__WORK TASK__:
Retype the data below without altering anything.

__TASK INPUT__:

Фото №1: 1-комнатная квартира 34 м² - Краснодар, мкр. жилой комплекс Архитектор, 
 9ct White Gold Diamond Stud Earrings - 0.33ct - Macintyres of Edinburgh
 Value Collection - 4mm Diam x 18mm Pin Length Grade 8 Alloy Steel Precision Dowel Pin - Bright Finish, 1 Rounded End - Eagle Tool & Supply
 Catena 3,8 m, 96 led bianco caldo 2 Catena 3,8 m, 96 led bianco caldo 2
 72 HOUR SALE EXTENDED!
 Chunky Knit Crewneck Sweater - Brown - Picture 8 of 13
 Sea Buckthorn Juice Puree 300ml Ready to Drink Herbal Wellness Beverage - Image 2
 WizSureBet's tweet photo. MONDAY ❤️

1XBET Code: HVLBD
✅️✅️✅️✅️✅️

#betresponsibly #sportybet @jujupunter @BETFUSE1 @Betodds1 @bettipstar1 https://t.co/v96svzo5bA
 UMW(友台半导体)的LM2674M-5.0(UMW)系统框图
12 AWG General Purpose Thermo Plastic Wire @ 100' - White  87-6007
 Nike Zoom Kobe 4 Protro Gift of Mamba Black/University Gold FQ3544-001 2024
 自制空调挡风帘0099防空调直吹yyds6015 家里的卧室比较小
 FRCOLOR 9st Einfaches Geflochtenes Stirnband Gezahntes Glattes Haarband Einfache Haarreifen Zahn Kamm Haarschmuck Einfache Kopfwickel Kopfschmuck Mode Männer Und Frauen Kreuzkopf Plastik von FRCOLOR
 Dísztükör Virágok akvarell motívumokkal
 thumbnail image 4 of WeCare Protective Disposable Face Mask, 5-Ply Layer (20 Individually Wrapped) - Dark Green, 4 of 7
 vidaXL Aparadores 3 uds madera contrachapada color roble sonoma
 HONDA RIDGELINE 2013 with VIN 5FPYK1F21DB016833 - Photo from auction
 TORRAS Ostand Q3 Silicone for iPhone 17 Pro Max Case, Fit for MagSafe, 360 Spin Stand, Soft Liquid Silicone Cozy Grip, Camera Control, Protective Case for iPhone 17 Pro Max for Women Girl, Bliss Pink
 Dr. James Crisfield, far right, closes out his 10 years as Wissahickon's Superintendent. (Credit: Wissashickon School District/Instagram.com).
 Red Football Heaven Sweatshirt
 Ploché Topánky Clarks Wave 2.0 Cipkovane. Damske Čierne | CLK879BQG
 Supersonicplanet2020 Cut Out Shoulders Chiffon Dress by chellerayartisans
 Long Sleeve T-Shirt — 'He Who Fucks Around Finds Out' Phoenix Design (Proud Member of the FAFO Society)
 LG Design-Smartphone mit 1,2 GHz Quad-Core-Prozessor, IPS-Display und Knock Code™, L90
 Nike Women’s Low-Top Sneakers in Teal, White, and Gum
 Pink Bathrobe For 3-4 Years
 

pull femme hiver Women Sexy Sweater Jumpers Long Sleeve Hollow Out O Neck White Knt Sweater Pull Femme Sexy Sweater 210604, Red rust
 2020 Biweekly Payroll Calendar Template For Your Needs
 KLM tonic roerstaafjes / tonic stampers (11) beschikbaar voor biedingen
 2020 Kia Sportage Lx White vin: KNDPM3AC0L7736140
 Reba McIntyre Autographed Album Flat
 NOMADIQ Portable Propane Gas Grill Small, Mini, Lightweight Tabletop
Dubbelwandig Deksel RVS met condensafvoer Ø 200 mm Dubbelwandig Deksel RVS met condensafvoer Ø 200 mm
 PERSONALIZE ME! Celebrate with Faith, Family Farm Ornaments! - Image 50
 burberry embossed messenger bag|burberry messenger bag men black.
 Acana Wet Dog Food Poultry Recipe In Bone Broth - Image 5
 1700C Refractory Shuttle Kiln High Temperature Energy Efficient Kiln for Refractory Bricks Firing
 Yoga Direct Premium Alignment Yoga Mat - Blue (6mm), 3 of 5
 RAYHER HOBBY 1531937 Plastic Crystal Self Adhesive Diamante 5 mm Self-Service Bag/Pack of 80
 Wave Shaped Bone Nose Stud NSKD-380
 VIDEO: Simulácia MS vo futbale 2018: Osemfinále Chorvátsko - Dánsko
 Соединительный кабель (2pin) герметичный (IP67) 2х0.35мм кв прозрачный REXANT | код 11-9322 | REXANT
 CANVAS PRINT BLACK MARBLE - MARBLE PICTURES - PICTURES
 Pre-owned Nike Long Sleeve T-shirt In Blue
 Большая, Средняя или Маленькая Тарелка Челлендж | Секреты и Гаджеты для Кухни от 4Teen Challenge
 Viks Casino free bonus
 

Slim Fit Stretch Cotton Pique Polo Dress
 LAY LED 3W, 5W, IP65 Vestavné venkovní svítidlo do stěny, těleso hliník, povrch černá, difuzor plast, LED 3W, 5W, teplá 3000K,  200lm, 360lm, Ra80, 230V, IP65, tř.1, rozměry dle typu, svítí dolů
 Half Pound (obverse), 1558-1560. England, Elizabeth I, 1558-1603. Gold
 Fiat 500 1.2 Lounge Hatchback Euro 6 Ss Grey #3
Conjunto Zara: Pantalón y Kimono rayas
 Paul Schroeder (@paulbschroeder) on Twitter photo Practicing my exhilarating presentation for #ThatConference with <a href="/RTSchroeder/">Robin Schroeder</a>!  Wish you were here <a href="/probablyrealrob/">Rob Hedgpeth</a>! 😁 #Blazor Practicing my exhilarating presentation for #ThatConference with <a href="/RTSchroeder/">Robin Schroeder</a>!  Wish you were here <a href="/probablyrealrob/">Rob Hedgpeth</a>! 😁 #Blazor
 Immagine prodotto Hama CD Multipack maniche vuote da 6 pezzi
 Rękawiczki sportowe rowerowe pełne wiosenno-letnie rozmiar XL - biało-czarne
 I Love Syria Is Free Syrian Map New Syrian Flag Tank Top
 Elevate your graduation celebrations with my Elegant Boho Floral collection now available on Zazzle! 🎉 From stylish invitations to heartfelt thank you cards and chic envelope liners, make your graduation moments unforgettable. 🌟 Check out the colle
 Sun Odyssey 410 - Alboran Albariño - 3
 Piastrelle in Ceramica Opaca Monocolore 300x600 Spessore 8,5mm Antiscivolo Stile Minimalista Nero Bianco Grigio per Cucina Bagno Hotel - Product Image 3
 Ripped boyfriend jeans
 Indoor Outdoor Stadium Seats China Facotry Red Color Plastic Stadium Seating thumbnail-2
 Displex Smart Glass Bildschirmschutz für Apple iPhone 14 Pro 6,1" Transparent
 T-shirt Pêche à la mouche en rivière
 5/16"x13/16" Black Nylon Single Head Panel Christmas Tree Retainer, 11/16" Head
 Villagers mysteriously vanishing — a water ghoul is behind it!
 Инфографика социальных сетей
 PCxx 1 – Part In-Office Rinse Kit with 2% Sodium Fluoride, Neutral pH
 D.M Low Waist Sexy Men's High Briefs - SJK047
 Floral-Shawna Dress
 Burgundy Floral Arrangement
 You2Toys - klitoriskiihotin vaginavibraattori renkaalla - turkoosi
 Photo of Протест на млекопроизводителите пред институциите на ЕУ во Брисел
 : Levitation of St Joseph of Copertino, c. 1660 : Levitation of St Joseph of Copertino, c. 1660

__EXERCISE ANSWER__:
Фото №1: 1-комнатная квартира 34 м² - Краснодар, мкр. жилой комплекс Архитектор, 
 9ct White Gold Diamond Stud Earrings - 0.33ct - Macintyres of Edinburgh
 Value Collection - 4mm Diam x 18mm Pin Length Grade 8 Alloy Steel Precision Dowel Pin - Bright Finish, 1 Rounded End - Eagle Tool & Supply
 Catena 3,8 m, 96 led bianco caldo 2 Catena 3,8 m, 96 led bianco caldo 2
 72 HOUR SALE EXTENDED!
 Chunky Knit Crewneck Sweater - Brown - Picture 8 of 13
 Sea Buckthorn Juice Puree 300ml Ready to Drink Herbal Wellness Beverage - Image 2
 WizSureBet's tweet photo. MONDAY ❤️

1XBET Code: HVLBD
✅️✅️✅️✅️✅️

#betresponsibly #sportybet @jujupunter @BETFUSE1 @Betodds1 @bettipstar1 https://t.co/v96svzo5bA
 UMW(友台半导体)的LM2674M-5.0(UMW)系统框图
12 AWG General Purpose Thermo Plastic Wire @ 100' - White  87-6007
 Nike Zoom Kobe 4 Protro Gift of Mamba Black/University Gold FQ3544-001 2024
 自制空调挡风帘0099防空调直吹yyds6015 家里的卧室比较小
 FRCOLOR 9st Einfaches Geflochtenes Stirnband Gezahntes Glattes Haarband Einfache Haarreifen Zahn Kamm Haarschmuck Einfache Kopfwickel Kopfschmuck Mode Männer Und Frauen Kreuzkopf Plastik von FRCOLOR
 Dísztükör Virágok akvarell motívumokkal
 thumbnail image 4 of WeCare Protective Disposable Face Mask, 5-Ply Layer (20 Individually Wrapped) - Dark Green, 4 of 7
 vidaXL Aparadores 3 uds madera contrachapada color roble sonoma
 HONDA RIDGELINE 2013 with VIN 5FPYK1F21DB016833 - Photo from auction
 TORRAS Ostand Q3 Silicone for iPhone 17 Pro Max Case, Fit for MagSafe, 360 Spin Stand, Soft Liquid Silicone Cozy Grip, Camera Control, Protective Case for iPhone 17 Pro Max for Women Girl, Bliss Pink
 Dr. James Crisfield, far right, closes out his 10 years as Wissahickon's Superintendent. (Credit: Wissashickon School District/Instagram.com).
 Red Football Heaven Sweatshirt
 Ploché Topánky Clarks Wave 2.0 Cipkovane. Damske Čierne | CLK879BQG
 Supersonicplanet2020 Cut Out Shoulders Chiffon Dress by chellerayartisans
 Long Sleeve T-Shirt — 'He Who Fucks Around Finds Out' Phoenix Design (Proud Member of the FAFO Society)
 LG Design-Smartphone mit 1,2 GHz Quad-Core-Prozessor, IPS-Display und Knock Code™, L90
 Nike Women’s Low-Top Sneakers in Teal, White, and Gum
 Pink Bathrobe For 3-4 Years
 

pull femme hiver Women Sexy Sweater Jumpers Long Sleeve Hollow Out O Neck White Knt Sweater Pull Femme Sexy Sweater 210604, Red rust
 2020 Biweekly Payroll Calendar Template For Your Needs
 KLM tonic roerstaafjes / tonic stampers (11) beschikbaar voor biedingen
 2020 Kia Sportage Lx White vin: KNDPM3AC0L7736140
 Reba McIntyre Autographed Album Flat
 NOMADIQ Portable Propane Gas Grill Small, Mini, Lightweight Tabletop
Dubbelwandig Deksel RVS met condensafvoer Ø 200 mm Dubbelwandig Deksel RVS met condensafvoer Ø 200 mm
 PERSONALIZE ME! Celebrate with Faith, Family Farm Ornaments! - Image 50
 burberry embossed messenger bag|burberry messenger bag men black.
 Acana Wet Dog Food Poultry Recipe In Bone Broth - Image 5
 1700C Refractory Shuttle Kiln High Temperature Energy Efficient Kiln for Refractory Bricks Firing
 Yoga Direct Premium Alignment Yoga Mat - Blue (6mm), 3 of 5
 RAYHER HOBBY 1531937 Plastic Crystal Self Adhesive Diamante 5 mm Self-Service Bag/Pack of 80
 Wave Shaped Bone Nose Stud NSKD-380
 VIDEO: Simulácia MS vo futbale 2018: Osemfinále Chorvátsko - Dánsko
 Соединительный кабель (2pin) герметичный (IP67) 2х0.35мм кв прозрачный REXANT | код 11-9322 | REXANT
 CANVAS PRINT BLACK MARBLE - MARBLE PICTURES - PICTURES
 Pre-owned Nike Long Sleeve T-shirt In Blue
 Большая, Средняя или Маленькая Тарелка Челлендж | Секреты и Гаджеты для Кухни от 4Teen Challenge
 Viks Casino free bonus
 

Slim Fit Stretch Cotton Pique Polo Dress
 LAY LED 3W, 5W, IP65 Vestavné venkovní svítidlo do stěny, těleso hliník, povrch černá, difuzor plast, LED 3W, 5W, teplá 3000K,  200lm, 360lm, Ra80, 230V, IP65, tř.1, rozměry dle typu, svítí dolů
 Half Pound (obverse), 1558-1560. England, Elizabeth I, 1558-1603. Gold
 Fiat 500 1.2 Lounge Hatchback Euro 6 Ss Grey #3
Conjunto Zara: Pantalón y Kimono rayas
 Paul Schroeder (@paulbschroeder) on Twitter photo Practicing my exhilarating presentation for #ThatConference with <a href="/RTSchroeder/">Robin Schroeder</a>!  Wish you were here <a href="/probablyrealrob/">Rob Hedgpeth</a>! 😁 #Blazor Practicing my exhilarating presentation for #ThatConference with <a href="/RTSchroeder/">Robin Schroeder</a>!  Wish you were here <a href="/probablyrealrob/">Rob Hedgpeth</a>! 😁 #Blazor
 Immagine prodotto Hama CD Multipack maniche vuote da 6 pezzi
 Rękawiczki sportowe rowerowe pełne wiosenno-letnie rozmiar XL - biało-czarne
 I Love Syria Is Free Syrian Map New Syrian Flag Tank Top
 Elevate your graduation celebrations with my Elegant Boho Floral collection now available on Zazzle! 🎉 From stylish invitations to heartfelt thank you cards and chic envelope liners, make your graduation moments unforgettable. 🌟 Check out the colle
 Sun Odyssey 410 - Alboran Albariño - 3
 Piastrelle in Ceramica Opaca Monocolore 300x600 Spessore 8,5mm Antiscivolo Stile Minimalista Nero Bianco Grigio per Cucina Bagno Hotel - Product Image 3
 Ripped boyfriend jeans
 Indoor Outdoor Stadium Seats China Facotry Red Color Plastic Stadium Seating thumbnail-2
 Displex Smart Glass Bildschirmschutz für Apple iPhone 14 Pro 6,1" Transparent
 T-shirt Pêche à la mouche en rivière
 5/16"x13/16" Black Nylon Single Head Panel Christmas Tree Retainer, 11/16" Head
 Villagers mysteriously vanishing — a water ghoul is behind it!
 Инфографика социальных сетей
 PCxx 1 – Part In-Office Rinse Kit with 2% Sodium Fluoride, Neutral pH
 D.M Low Waist Sexy Men's High Briefs - SJK047
 Floral-Shawna Dress
 Burgundy Floral Arrangement
 You2Toys - klitoriskiihotin vaginavibraattori renkaalla - turkoosi
 Photo of Протест на млекопроизводителите пред институциите на ЕУ во Брисел
 : Levitation of St Joseph of Copertino, c. 1660 : Levitation of St Joseph of Copertino, c. 1660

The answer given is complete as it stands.